RALEIGH, N.C. (WNCN) – Monday’s police-involved shooting has also called attention to broader issues in southeast Raleigh, including poverty and unemployment.
Community activists say it’s time for the city to focus on this area and provide more opportunities for people living there.
Just hours after the shooting, several speakers at a vigil Monday night called for change, saying this section of the city is “overlooked.”
Michael Phillips knows there’s a mindset that needs to change.
He says, “Well, southeast Raleigh is always going to be last.”
He lives in southeast Raleigh and also owns Men at Work Car Care Center and the barber shop across the street downtown.
He points out the community has “no economic standing.”
He continued, “We tend to spend our money with someone else instead of empowering each other with it.”
Jarrod Hairston, who’s worked with Phillips for more than a decade, says as development and growth have spread to various parts of Raleigh, it’s not been the same for the southeast section of the city.
“It’s partly the city’s fault too because y’all changing so much in the other parts, why don’t you start here too?” Hairston asked.
Just over half of people in southeast Raleigh live below the poverty line, according to the non-profit Southeast Raleigh Assembly.
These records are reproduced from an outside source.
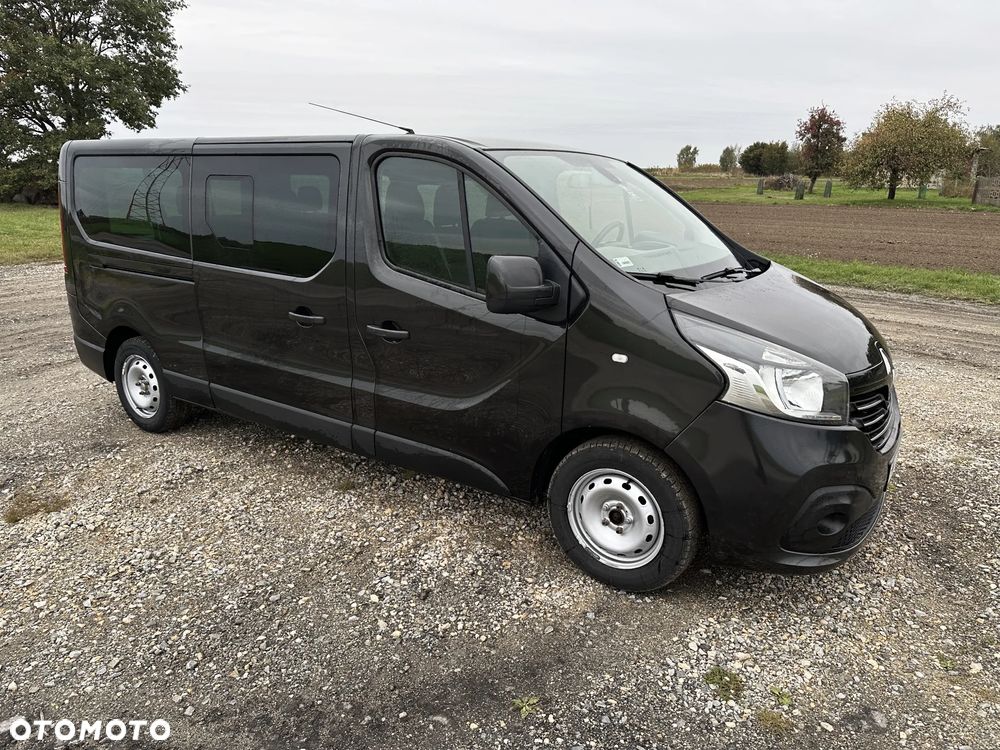 Renault Trafic ENERGY dCi 125 Grand Spaceclass - 8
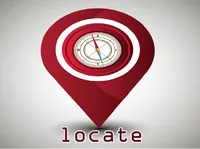 Definition & pronunciation of locate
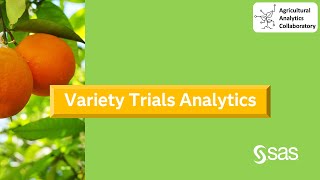 Variety Trials: From Statistics to Predictions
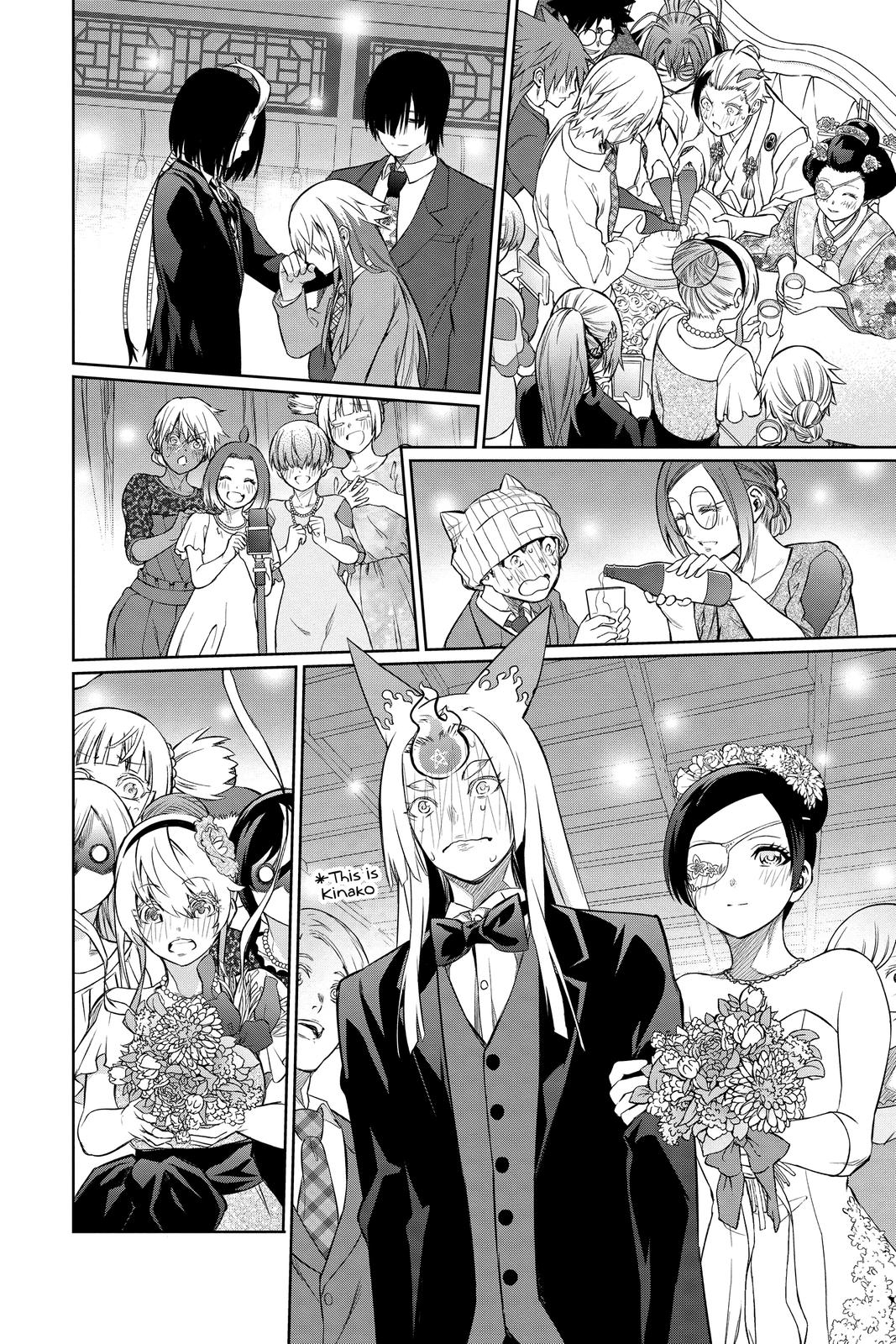 Read Twin Star Exorcists EN Manga Online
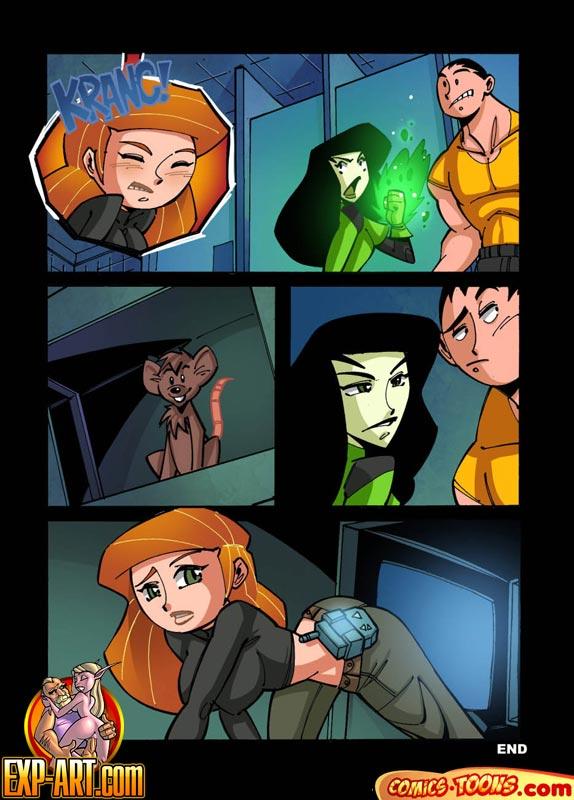 Kim possible page 11 full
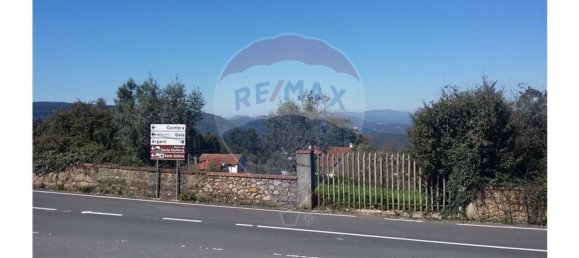 Grundstück in Pombeiro da Beira, Portugal 1290m², Nr. 76321 19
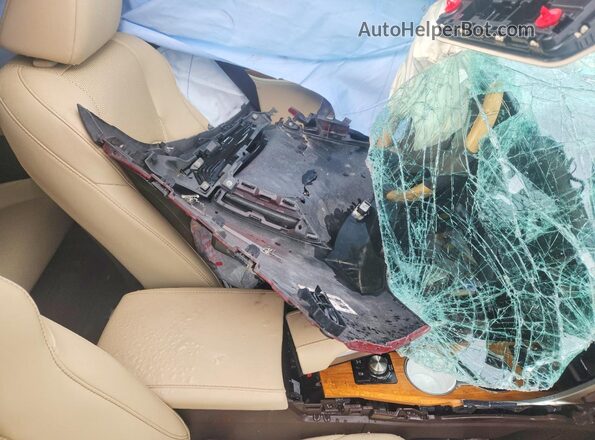 2T2HZMDA3LC215106 2020 LEXUS RX Красный Вид подкапотного пространства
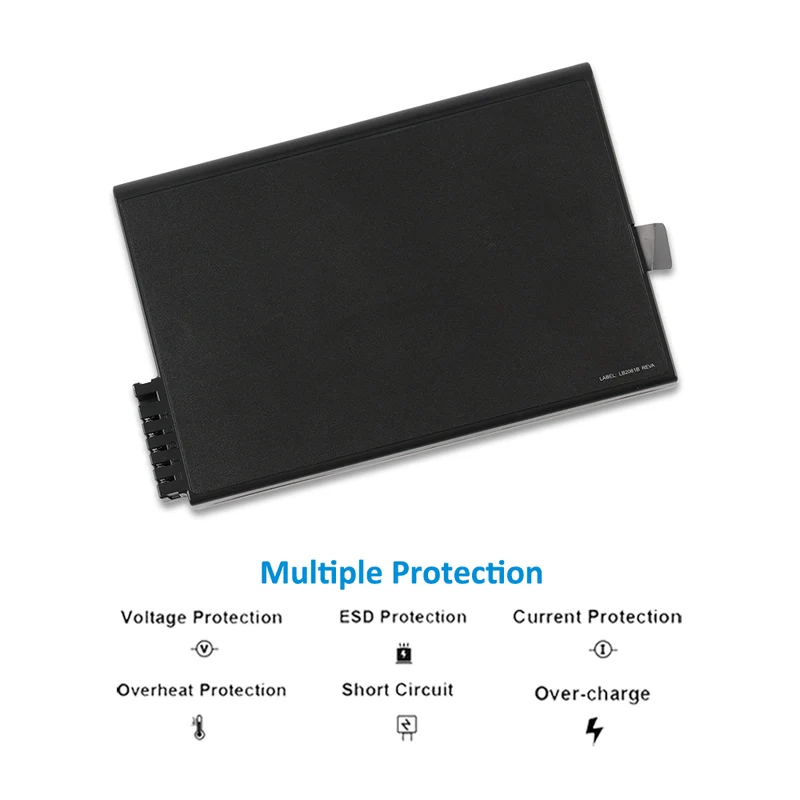 ML2024 Replacement Battery For MOLTECH POWERSYSTEMS 14.4V 95WH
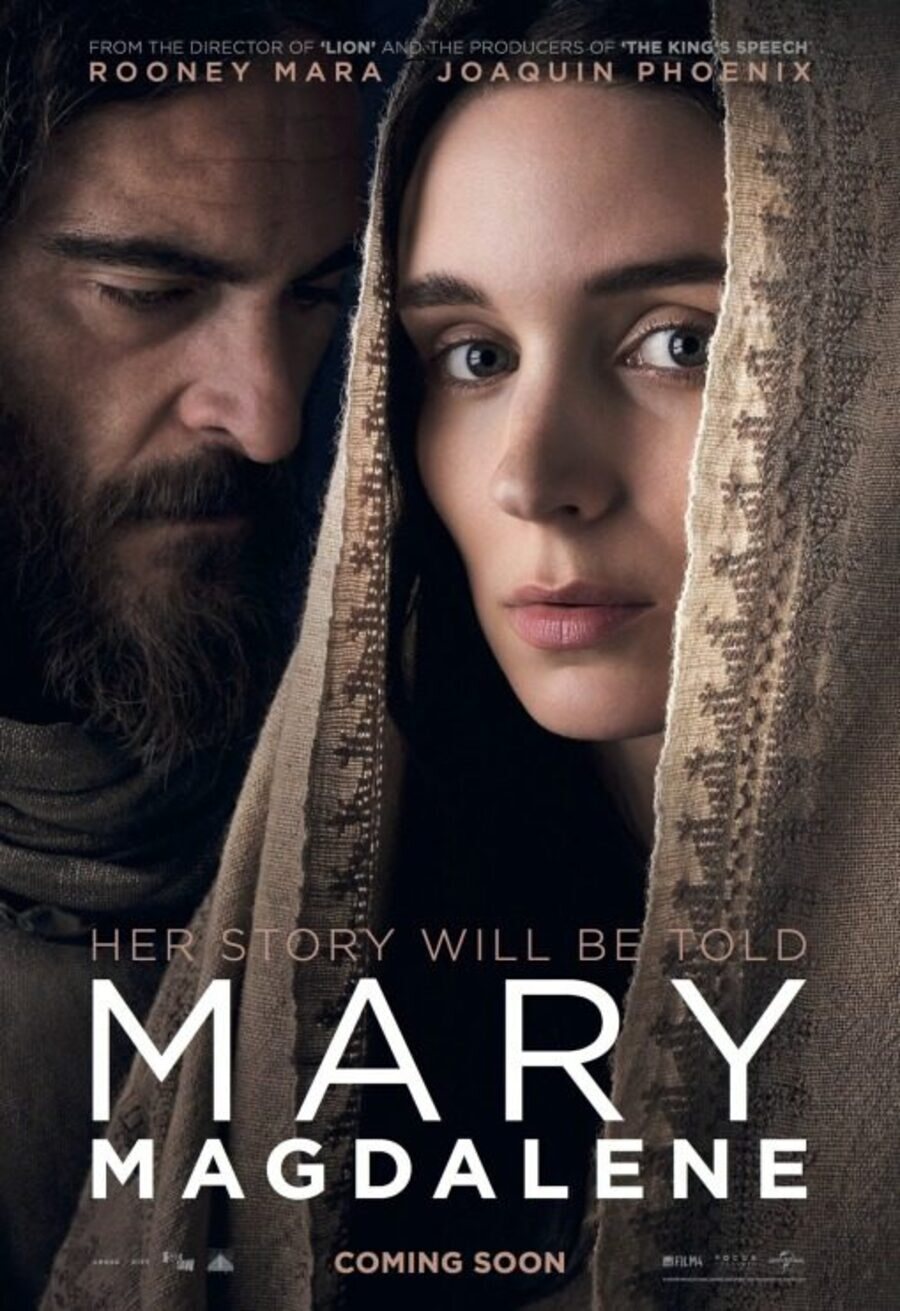 Poster of Mary Magdalene - Estados Unidos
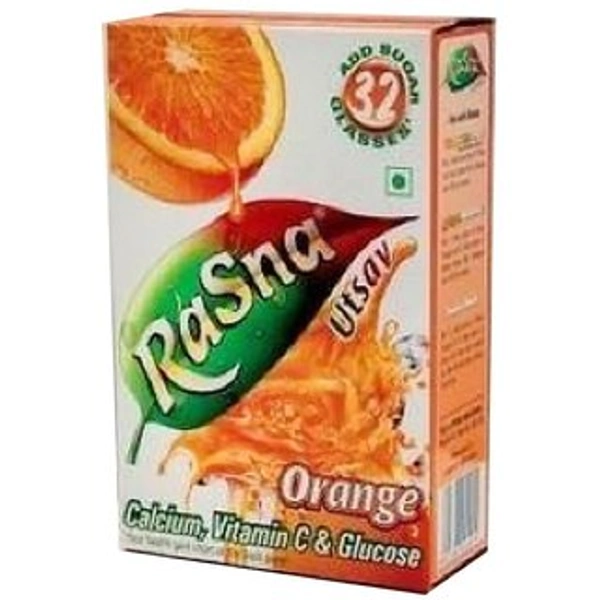 RASNA ORANGE 12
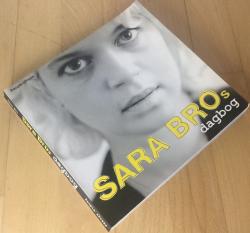 Billede af bogen Sara Bros dagbog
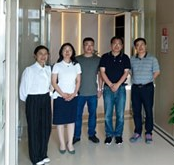 【走访会员】浙江省四川商会党支部书记、常务副会长姚文宏走访会员企业（第四站）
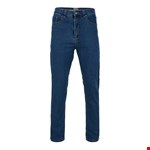Kam Regular Stretch Jean - stonewash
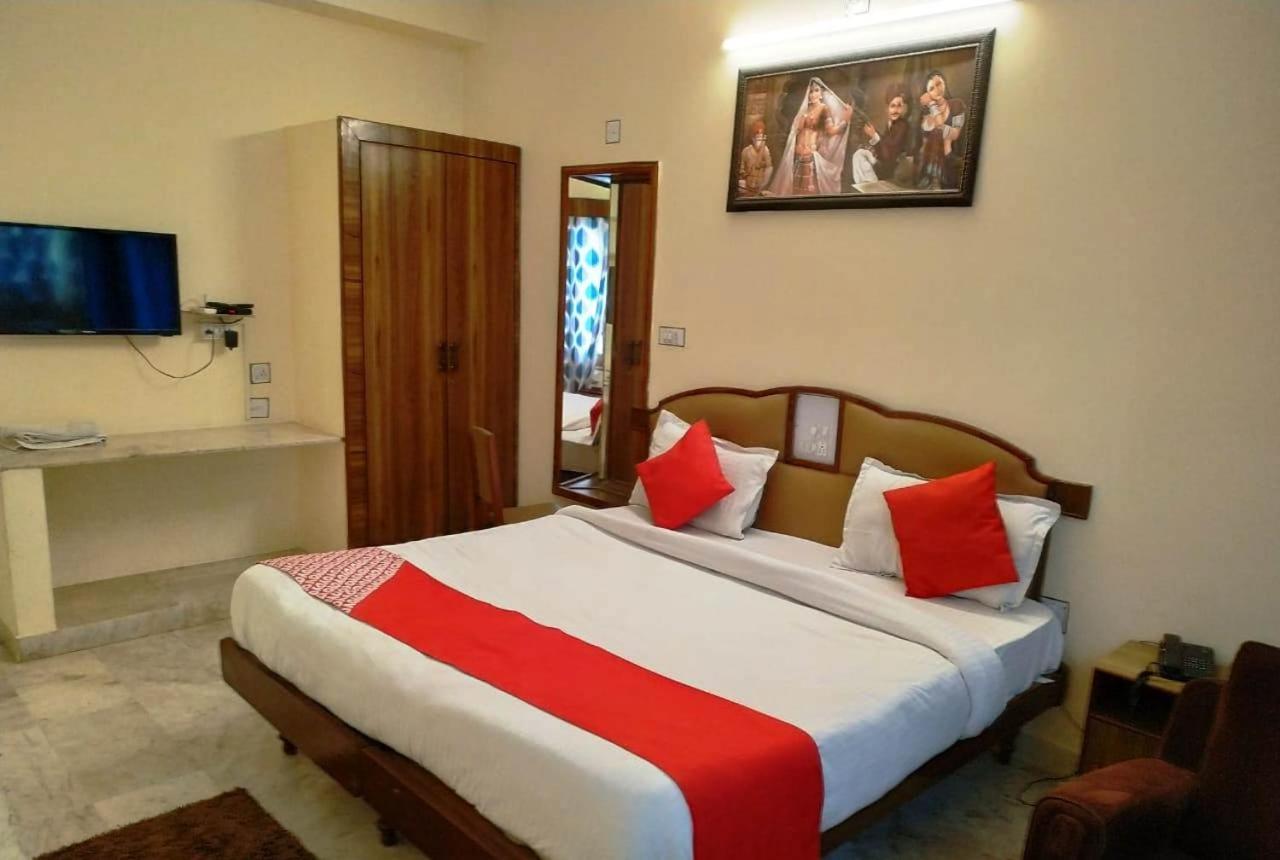 Hotel Vinayakam Udaipur Exterior foto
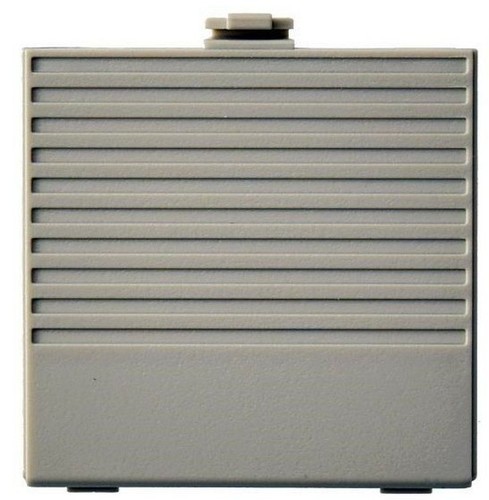Cache pile gris pour nintendo - cache,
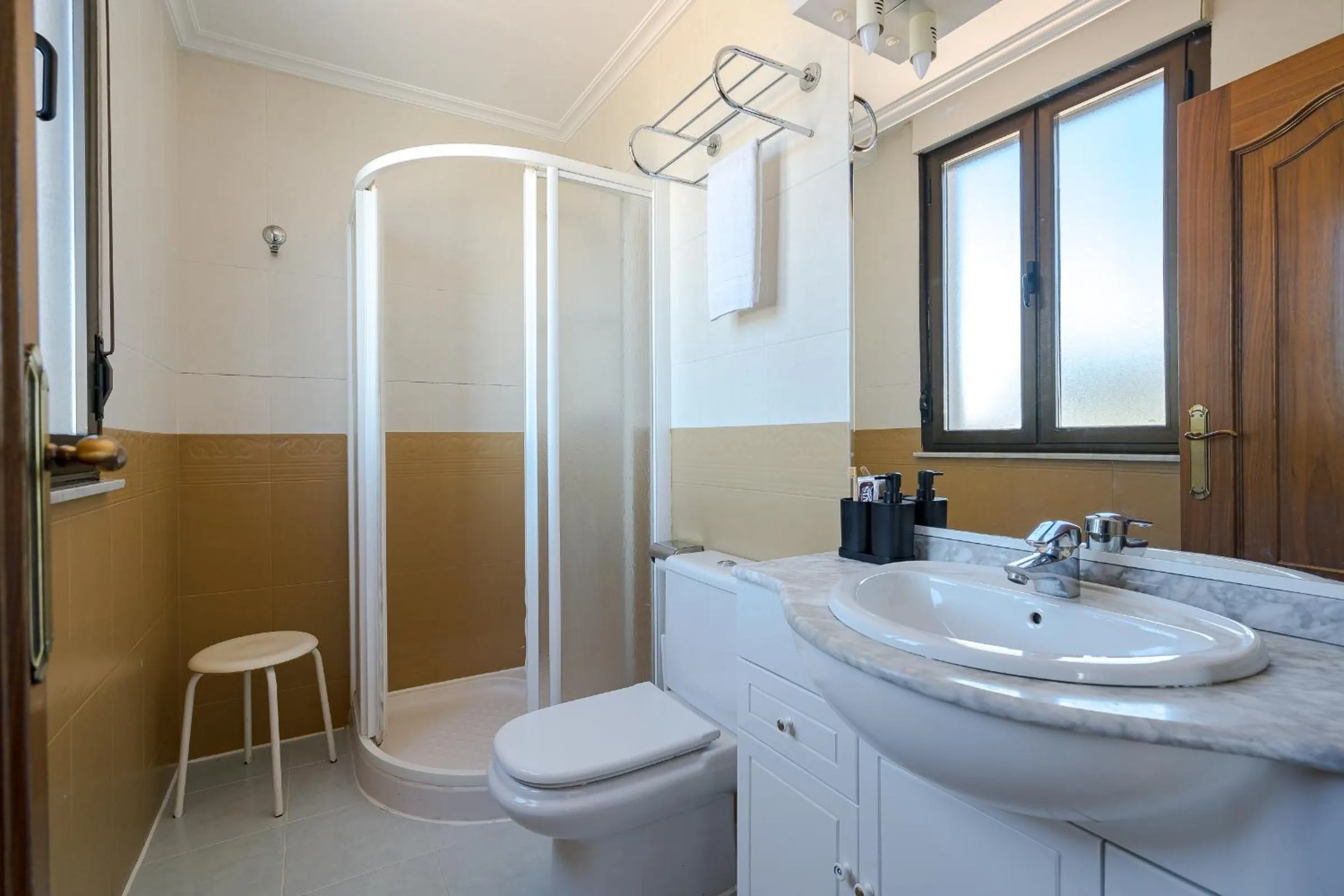 Bedroom in Hotel Eurowest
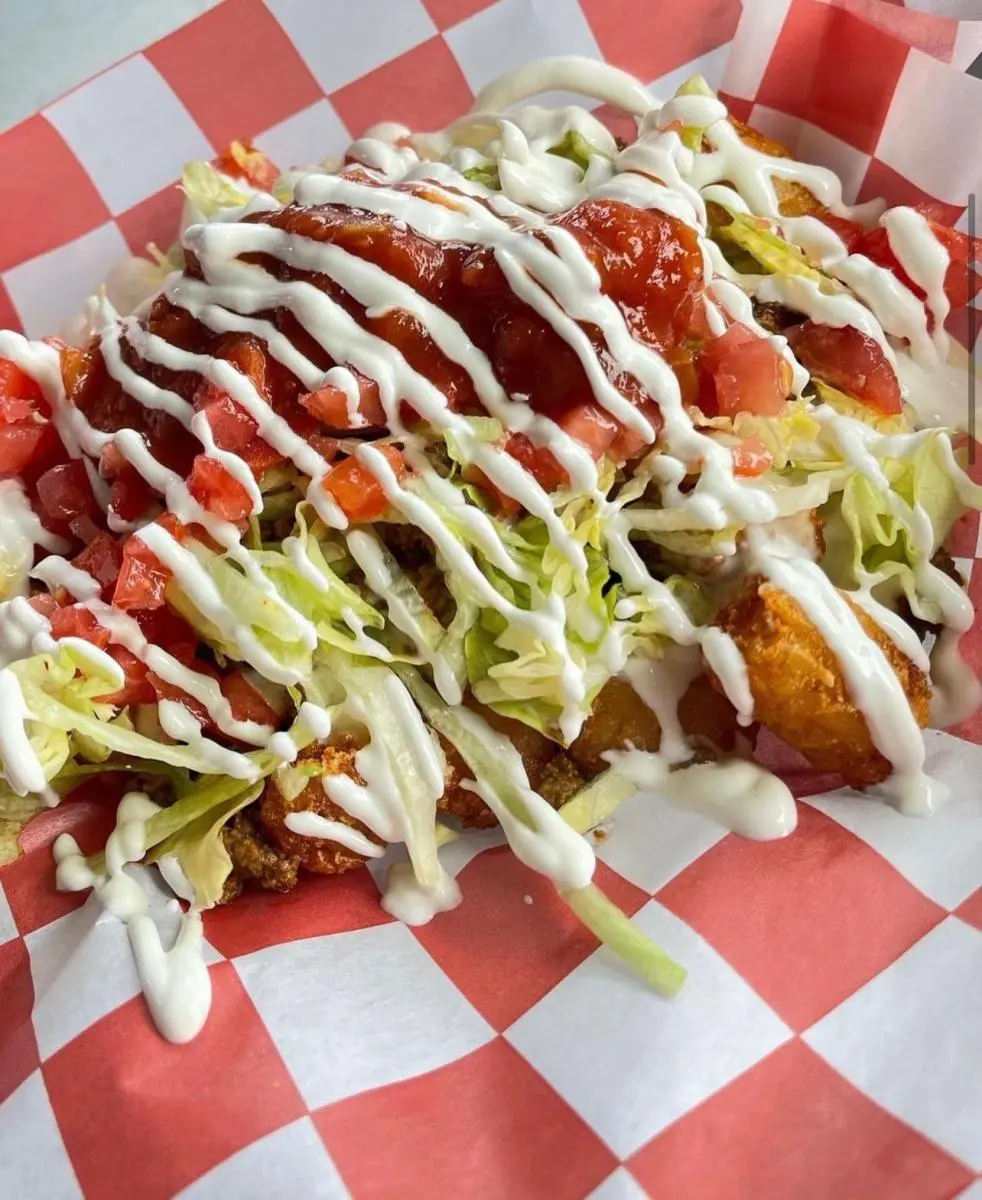 Pip and Lily’s Loaded Tots — vendor photo 3 of 5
The group notes unemployment is also “considerably higher compared to Wake County as a whole.”
Phillips has made a point of hiring people who may not otherwise find jobs at other businesses.
“It happened about 30 years ago for myself when I got convicted of selling drugs. Once you get convicted of something you know the plight that other folks go through,” he said. “We just need some more folks, more business folks to give out some opportunities. There are some wonderful guys out here, let me tell you that, some wonderful guys.”
Some of the employees who work at Men at Work recall seeing Akiel Denkins, the man shot by police Monday, at their business recently.
Tony Bradhsaw described Denkins as a “good guy” and hopes his death won’t spark further violence in the community.